The Advocate General has now issued his opinion in the ‘Woolworths’ collective redundancy case. If confirmed by the European Court of Justice, it could significantly reduce employers’ potential redundancy consultation liabilities when they make large scale redundancies.
UK legislation says that the obligation to collectively consult arises when an employer proposes to make 20 or more redundancies within 90 days at one establishment. However, the EAT in the ‘Woolworths’ (USDAW v. Ethel Austin Ltd (in administration)) case held that this didn’t reflect the wording in the EU Collective Redundancies Directive, from which the UK legislation derives. The EAT had said that it was necessary to count redundancies made at all establishments when deciding whether the collective consultation obligation arose. The effect of the EAT’s decision is that multi-site employers making redundancies across their organisation are far more likely to trigger the obligation to consult collectively. This has significant implications for employers, not least because an employer who fails to collectively consult properly can be liable for up to 90 days’ uncapped pay for every affected employee.

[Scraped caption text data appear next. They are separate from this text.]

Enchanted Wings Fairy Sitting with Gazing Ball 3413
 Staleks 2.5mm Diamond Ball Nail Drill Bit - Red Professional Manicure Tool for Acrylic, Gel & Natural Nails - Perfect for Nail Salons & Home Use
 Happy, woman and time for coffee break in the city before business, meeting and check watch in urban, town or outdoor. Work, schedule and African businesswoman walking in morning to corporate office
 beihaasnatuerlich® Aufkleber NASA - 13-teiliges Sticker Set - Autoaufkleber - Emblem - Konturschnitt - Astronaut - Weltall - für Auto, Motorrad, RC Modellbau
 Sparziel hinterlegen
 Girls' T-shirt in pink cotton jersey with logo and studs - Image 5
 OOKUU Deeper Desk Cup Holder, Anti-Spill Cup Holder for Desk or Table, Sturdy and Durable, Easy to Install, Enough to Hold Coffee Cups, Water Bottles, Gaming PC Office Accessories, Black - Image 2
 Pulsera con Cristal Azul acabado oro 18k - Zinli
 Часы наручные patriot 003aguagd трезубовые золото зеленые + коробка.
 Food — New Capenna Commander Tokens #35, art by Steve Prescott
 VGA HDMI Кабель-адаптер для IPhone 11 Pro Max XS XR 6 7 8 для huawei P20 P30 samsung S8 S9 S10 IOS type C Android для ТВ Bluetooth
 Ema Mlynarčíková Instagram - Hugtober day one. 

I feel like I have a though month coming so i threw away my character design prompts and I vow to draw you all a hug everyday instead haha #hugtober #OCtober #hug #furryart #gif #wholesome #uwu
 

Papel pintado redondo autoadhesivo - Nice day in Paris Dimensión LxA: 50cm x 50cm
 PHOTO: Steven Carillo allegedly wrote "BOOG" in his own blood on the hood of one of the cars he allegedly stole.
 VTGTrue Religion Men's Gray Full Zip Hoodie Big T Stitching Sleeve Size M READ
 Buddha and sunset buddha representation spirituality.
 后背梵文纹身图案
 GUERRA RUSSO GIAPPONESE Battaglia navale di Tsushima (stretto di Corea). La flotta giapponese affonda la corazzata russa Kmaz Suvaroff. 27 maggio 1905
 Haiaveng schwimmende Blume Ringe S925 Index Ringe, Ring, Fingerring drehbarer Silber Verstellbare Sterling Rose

The Advocate General disagrees with the EAT’s approach. Crucially, he points out that the Directive is intended to mitigate the impact of collective redundancies in a local area. The focus is therefore on redundancies made in a particular establishment, not across the whole organisation.
The Advocate General’s opinion is not binding, so unless and until the ECJ formally overrules it, the EAT’s ‘all establishment’ test remains in force. However, the Advocate General’s opinion is a welcome development for employers. If ratified by the ECJ, it will mean that collective consultation obligations will only apply to larger establishments where there are sufficient numbers of affected employees.
The ECJ’s decision in this case is anticipated later in 2015. The ECJ agrees with the Advocate General about 80% of the time – something from which many employers will take comfort.